Digitalization Digitalization is changing the world. Cyber-revolution is bringing about a different level of change one that is characterized by a huge discontinuity. It is not mere social or cultural references that divide the natives from their pre-digital counterparts, but major phenomenological understanding. There is a lot of debate concerning the way technology is transforming the relationship of the younger generation to the traditional cultural forms and it gets heated when it comes to the question of the future of journalism.

The internet has freed the world from the stifling grip of the conservative, top-down mass media model, changing consumers into producers and placing citizens on the same level with the powerful (Taylora). Young people are encouraged to lend credence to both views, in the first case they are portrayed as agile and empowered connoisseurs who, objecting to passively consume news products extended to them from high, persist on contributing to the conversation and secondly they are illustrated as pliant as well as ill-informed mistaking what occurs to the interest them for what is really significant (Hawsu).

The pro-democracy demonstration that happened in Egypt in 2011 shows the power of the digital revolution since social media was used to mobilize the protestors. The emerging media landscape reflects what digital natives want. The digital world has opened new avenues for entrepreneurs. New spread faster than before and people access information without necessarily relying on mainstream media. Digital technology disrupts the modes of knowing and the institutions that previously supported them providing information flow to which any individual can contribute hence empowering people who were passive readers and opening a new era of information gathering (Taylora).

New-media thinkers are prompt to demonstrate the shortcomings within traditional news-gathering organizations and they have numerous sources to draw on. The blunders committed by the mainstream media only prove the need for a robust and vibrant watchdog press. The powers are hardly fretting at the prospect of the fall of accountability journalism. The corporate titans and political leaders would prefer to conduct their work away from the inquiring eyes. The solution to the failure of journalism is more and better journalism.

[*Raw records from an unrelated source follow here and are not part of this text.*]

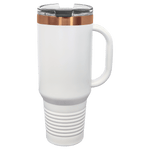 40 oz. Ion Plated Travel Mug with  Snap Lid AND Straw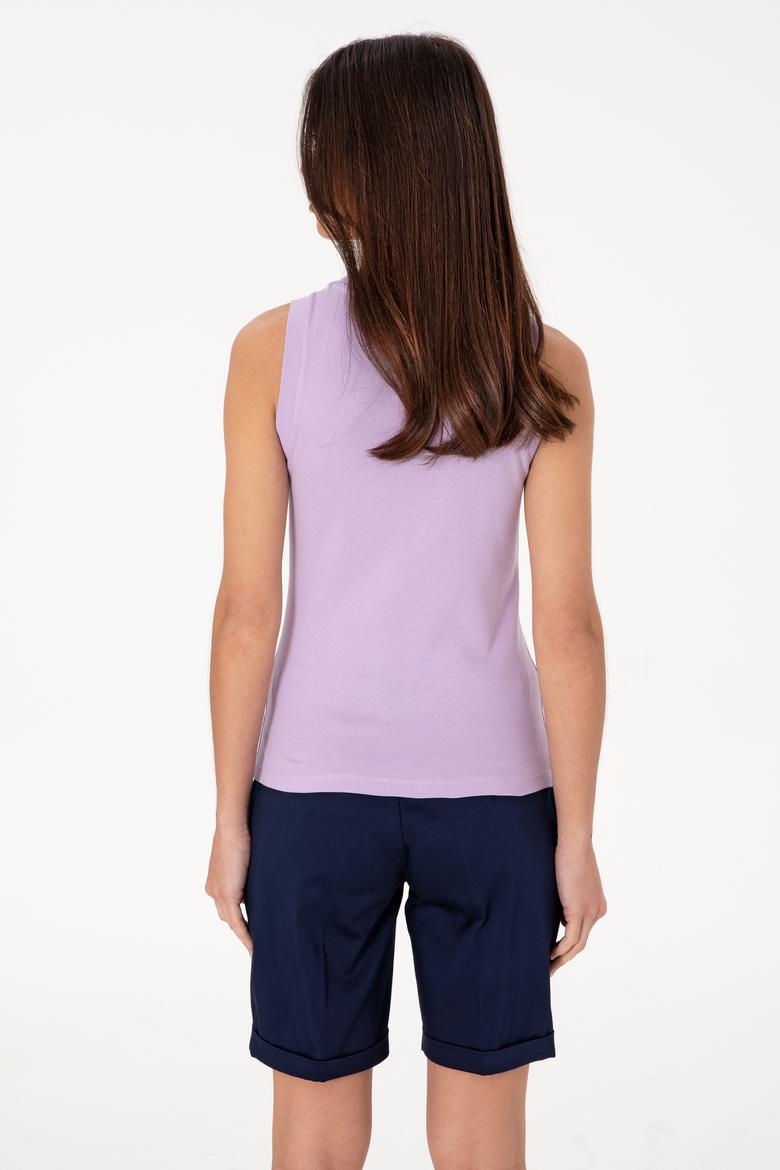 Kadın Lila Kolsuz Bisiklet Yaka Basic Tişört - 50305841134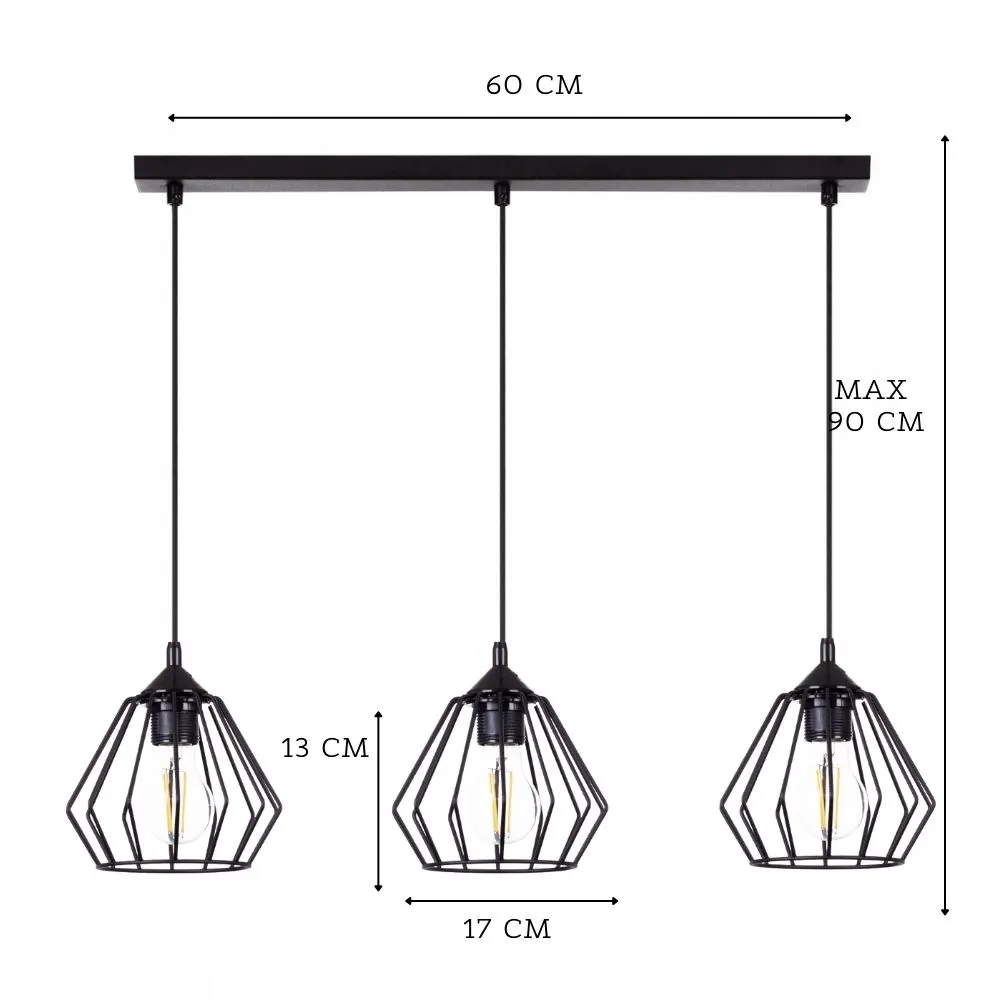 WISZĄCA NOWOCZESNA LAMPA SUFITOWA DIAMENT LOFT LED E27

The seed of decline of accountability media were sowed many years ago. When the internet came about, newspapers responded with cost-cutting techniques aimed at driving up profits such as firing writers, editors, fast-checkers, photographers and removing other expenses regarding news-gathering. Immediately when content started being freely circulated online, the sales print started to decline and advertising rates dropped into a free fall (Bhagwati, 2005). Publications started to experience the paradox of shrinking profits while the audiences grew tremendously.

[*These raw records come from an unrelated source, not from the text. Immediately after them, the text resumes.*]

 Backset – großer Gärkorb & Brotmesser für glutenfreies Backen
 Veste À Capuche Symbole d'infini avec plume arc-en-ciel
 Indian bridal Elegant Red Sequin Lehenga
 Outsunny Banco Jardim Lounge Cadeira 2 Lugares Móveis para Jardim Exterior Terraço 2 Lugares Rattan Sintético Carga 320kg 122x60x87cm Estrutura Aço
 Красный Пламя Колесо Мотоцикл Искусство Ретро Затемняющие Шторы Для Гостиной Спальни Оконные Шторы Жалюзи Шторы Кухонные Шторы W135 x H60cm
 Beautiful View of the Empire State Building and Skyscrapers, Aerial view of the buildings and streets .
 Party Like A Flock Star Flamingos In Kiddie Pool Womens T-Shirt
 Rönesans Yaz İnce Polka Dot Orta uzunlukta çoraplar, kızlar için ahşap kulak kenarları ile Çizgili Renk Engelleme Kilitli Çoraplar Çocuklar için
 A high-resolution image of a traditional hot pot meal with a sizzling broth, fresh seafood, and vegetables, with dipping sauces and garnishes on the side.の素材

In the year 2012 digital readership grew while print advertising revenue losses were bigger than digital gains by a ratio of 10:1. The Guardian and its sister publication the Observer in the UK lost about $50 million in revenue while their online audience on the other hand exploded. Web-based advertising can never make up for the losses for the case of most publications (Hawsu). Whereas digital ad market is doing very well, digital ad sales for newspapers have flat-lined since 2006.